Ausgestellt werden auch Rüstungen und Helme bedeutender polnischer und litauischer Herrscher und Feldherren: so eine Zischägge aus dem 10.–11. Jahrhundert von Mieszko I. oder Bolesław Chrobry, die Turnierrüstung „Żabi pysk“ (aus Nürnberg, um 1530), die Reiteruniform des litauischen Hetmans Krzysztof Radziwiłł Piorun und der Paradehelm des Hetmans Jan Amor Tarnowski aus dem 16. Jahrhundert sowie die Husarenuniform von Stanisław Skórkowski[7], eine Parade-Kettenrüstung von König Jan Kazimierz und ein Schuppenpanzer aus dem 17. Jahrhundert.

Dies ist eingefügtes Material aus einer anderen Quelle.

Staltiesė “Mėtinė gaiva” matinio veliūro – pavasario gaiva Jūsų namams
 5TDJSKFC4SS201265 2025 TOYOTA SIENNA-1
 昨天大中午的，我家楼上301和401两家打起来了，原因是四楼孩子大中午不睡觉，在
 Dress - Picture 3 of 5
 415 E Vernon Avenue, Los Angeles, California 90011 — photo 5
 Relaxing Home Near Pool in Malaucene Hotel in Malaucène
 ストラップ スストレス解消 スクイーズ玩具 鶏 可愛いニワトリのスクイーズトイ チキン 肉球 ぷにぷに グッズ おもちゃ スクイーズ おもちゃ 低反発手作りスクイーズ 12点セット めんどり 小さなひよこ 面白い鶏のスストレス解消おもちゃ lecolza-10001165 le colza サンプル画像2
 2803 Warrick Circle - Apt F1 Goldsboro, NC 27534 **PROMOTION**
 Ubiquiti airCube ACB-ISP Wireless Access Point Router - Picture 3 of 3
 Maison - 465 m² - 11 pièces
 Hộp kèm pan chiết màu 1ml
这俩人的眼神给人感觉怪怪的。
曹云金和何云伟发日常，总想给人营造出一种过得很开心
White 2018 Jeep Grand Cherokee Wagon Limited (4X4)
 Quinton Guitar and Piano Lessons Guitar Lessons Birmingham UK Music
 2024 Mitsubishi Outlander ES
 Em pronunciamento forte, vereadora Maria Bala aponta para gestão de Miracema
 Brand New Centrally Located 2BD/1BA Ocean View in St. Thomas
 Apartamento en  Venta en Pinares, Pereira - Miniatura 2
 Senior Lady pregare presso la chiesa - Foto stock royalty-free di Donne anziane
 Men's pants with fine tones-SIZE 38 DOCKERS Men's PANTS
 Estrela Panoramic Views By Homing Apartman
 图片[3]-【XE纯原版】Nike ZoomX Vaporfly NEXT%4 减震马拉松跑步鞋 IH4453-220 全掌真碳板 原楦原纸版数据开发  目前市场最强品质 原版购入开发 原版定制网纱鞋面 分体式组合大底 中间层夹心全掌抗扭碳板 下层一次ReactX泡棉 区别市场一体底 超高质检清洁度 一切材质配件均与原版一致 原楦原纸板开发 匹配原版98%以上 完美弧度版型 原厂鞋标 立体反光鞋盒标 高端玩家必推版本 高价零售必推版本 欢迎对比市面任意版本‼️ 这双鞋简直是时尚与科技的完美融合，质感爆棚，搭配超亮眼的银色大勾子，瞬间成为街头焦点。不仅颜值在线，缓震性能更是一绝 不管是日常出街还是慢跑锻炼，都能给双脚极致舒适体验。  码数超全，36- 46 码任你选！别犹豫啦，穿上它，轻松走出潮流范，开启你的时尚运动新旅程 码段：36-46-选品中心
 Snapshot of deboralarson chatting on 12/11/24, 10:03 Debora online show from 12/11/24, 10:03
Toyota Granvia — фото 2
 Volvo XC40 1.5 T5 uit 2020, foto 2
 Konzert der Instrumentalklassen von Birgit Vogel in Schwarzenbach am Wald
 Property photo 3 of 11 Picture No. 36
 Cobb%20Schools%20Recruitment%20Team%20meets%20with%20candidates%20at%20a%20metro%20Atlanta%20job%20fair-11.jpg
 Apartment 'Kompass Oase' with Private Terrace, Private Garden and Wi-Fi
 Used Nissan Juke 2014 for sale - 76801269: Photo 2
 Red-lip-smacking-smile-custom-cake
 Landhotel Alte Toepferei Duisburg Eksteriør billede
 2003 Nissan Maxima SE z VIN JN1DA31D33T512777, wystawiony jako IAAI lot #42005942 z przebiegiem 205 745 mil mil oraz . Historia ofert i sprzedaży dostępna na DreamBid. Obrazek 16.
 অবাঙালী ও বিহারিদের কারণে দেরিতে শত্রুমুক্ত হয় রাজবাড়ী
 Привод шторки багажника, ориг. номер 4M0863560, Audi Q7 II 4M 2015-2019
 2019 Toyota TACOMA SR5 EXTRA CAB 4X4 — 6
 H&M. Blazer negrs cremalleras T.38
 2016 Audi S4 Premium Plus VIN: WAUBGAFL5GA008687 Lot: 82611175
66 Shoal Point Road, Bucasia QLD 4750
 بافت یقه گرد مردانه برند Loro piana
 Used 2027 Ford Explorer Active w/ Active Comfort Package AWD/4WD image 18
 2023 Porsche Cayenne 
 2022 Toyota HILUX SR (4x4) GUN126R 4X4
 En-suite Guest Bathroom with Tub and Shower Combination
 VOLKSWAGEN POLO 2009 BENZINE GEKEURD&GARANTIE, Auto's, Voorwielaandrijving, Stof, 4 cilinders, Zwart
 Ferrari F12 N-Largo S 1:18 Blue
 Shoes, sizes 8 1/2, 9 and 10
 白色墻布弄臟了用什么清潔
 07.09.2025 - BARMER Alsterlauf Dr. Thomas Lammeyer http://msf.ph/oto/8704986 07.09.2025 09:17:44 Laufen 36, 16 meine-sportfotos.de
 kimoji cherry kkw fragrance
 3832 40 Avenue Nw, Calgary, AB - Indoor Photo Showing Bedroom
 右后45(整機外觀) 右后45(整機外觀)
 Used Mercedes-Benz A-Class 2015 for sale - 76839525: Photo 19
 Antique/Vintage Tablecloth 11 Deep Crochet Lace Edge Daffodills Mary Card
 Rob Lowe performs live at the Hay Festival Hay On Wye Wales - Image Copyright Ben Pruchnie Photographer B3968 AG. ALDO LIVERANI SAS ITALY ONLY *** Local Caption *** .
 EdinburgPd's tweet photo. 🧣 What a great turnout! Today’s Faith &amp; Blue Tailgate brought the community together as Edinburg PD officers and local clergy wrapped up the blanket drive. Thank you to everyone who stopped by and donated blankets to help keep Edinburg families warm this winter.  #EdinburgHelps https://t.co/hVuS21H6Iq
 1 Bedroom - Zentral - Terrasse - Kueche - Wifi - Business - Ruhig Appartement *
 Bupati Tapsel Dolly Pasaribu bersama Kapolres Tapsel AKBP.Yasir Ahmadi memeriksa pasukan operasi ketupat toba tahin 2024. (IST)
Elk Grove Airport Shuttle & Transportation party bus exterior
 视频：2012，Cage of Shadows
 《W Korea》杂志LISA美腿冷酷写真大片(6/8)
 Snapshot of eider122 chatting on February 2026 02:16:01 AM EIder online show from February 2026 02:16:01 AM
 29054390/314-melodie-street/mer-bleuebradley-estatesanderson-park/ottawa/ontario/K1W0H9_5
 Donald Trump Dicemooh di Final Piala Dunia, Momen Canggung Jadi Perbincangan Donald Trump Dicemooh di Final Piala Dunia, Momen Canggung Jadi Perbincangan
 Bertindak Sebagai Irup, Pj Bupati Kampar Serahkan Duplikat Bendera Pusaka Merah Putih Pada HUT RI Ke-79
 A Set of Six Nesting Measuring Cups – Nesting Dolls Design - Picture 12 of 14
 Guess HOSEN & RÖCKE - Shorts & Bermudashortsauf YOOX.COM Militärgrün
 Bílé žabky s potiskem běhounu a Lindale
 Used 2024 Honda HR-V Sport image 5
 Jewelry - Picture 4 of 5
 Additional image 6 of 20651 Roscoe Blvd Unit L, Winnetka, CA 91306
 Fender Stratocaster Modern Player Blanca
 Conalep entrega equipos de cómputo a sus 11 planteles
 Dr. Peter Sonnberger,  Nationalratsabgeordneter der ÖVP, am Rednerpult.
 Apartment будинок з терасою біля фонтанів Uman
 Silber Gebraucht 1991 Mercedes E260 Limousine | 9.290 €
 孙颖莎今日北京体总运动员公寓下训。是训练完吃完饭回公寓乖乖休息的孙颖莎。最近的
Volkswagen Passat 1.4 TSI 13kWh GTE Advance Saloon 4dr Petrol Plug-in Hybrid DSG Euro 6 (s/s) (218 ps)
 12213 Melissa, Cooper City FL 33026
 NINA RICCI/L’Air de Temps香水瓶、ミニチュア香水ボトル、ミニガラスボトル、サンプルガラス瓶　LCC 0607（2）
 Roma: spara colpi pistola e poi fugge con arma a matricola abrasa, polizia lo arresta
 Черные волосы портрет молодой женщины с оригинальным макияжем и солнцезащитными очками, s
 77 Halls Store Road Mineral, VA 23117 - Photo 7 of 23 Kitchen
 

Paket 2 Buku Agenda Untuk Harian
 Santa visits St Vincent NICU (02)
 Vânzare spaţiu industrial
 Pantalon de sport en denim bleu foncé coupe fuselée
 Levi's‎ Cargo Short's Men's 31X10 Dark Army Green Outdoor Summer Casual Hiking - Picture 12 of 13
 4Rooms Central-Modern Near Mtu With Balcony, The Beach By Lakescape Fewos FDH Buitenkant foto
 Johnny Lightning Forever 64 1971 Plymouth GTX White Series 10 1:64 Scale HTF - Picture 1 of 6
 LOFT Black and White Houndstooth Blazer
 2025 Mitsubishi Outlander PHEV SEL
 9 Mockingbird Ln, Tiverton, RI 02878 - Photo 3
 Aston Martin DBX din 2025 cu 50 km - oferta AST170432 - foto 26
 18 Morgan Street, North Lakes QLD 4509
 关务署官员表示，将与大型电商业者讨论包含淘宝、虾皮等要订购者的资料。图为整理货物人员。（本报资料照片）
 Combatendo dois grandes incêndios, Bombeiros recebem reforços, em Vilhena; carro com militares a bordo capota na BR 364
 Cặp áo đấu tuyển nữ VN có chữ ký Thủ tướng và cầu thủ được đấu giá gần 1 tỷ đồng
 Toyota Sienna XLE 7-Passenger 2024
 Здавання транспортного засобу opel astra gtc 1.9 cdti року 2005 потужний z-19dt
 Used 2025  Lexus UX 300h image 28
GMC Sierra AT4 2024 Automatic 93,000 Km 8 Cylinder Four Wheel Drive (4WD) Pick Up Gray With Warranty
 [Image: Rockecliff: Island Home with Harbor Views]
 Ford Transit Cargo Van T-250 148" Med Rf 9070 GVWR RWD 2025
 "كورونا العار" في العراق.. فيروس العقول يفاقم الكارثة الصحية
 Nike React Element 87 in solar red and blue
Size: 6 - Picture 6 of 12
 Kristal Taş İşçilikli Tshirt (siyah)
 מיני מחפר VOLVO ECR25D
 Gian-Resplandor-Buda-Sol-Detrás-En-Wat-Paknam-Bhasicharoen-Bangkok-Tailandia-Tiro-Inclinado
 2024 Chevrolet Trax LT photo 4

Bemerkenswert sind auch ein Streitkolben im türkischen Stil aus der zweiten Hälfte des 17. Jahrhunderts des Hetmans Stanisław Jan Jabłonowski sowie die Sättel von Stefan Czarniecki, Stanisław Leszczyński (ein Krönungssattel), Napoleon Bonaparte (benutzt während des Ägyptenfeldzuges 1799) und des Generals Jan Henryk Dąbrowski.
Außerdem sind die Uniformen von bedeutenden polnischen Offizieren wie Józef Haller, Jan Kozietulski, Zygmunt Berling, Jan Henryk Dąbrowski, Stanisław Sosabowski, Władysław Sikorski, Kazimierz Sosnkowski, Stanisław Rostworowski, Wacław Sieroszewski und Józef Piłsudski ausgestellt.
Schließlich werden die Generalmütze von Tadeusz Kościuszko, die Fahne der Sensen-Kämpfer (Kosynierzy) des antirussischen Kościuszko-Aufstandes aus dem Jahr 1794, ein Schwert sowie eine gotische Reliquie des Herrenmeisters des Deutschen Ritterordens, die während der Schlacht von Tannenberg von den siegreichen polnisch-litauischen Truppen erbeutet wurde, gezeigt.
Unter den ausgestellten Feuerwaffen befindet sich eine Pistole von Józef Antoni Poniatowski, eine Maschinenpistole „Mors“ (von der es weltweit nur noch drei Exemplare gibt),[8] eine Błyskawica-MP von 1943, ein schweres Maschinengewehr wz. 30[9] und eine Pistolet Vis wz. 35 aus einer Prototypenserie.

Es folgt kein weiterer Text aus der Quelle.